Instructions to follow — Once you reach the line that contains "Produktbild von Wasserschuhe", retype it and every line after it exactly, ending with the last line of the entries.

Supplied information —
== Segment start ==
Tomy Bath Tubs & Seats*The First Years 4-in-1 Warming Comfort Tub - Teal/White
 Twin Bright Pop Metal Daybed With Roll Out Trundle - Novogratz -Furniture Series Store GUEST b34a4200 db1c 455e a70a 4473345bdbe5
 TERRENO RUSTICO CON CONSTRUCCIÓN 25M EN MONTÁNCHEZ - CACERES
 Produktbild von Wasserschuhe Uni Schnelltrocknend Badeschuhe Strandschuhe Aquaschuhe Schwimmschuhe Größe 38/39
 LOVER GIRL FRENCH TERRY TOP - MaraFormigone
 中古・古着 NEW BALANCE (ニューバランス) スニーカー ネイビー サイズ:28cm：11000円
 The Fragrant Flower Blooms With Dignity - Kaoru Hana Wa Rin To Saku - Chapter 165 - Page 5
== Segment end ==
Result —
 Produktbild von Wasserschuhe Uni Schnelltrocknend Badeschuhe Strandschuhe Aquaschuhe Schwimmschuhe Größe 38/39
 LOVER GIRL FRENCH TERRY TOP - MaraFormigone
 中古・古着 NEW BALANCE (ニューバランス) スニーカー ネイビー サイズ:28cm：11000円
 The Fragrant Flower Blooms With Dignity - Kaoru Hana Wa Rin To Saku - Chapter 165 - Page 5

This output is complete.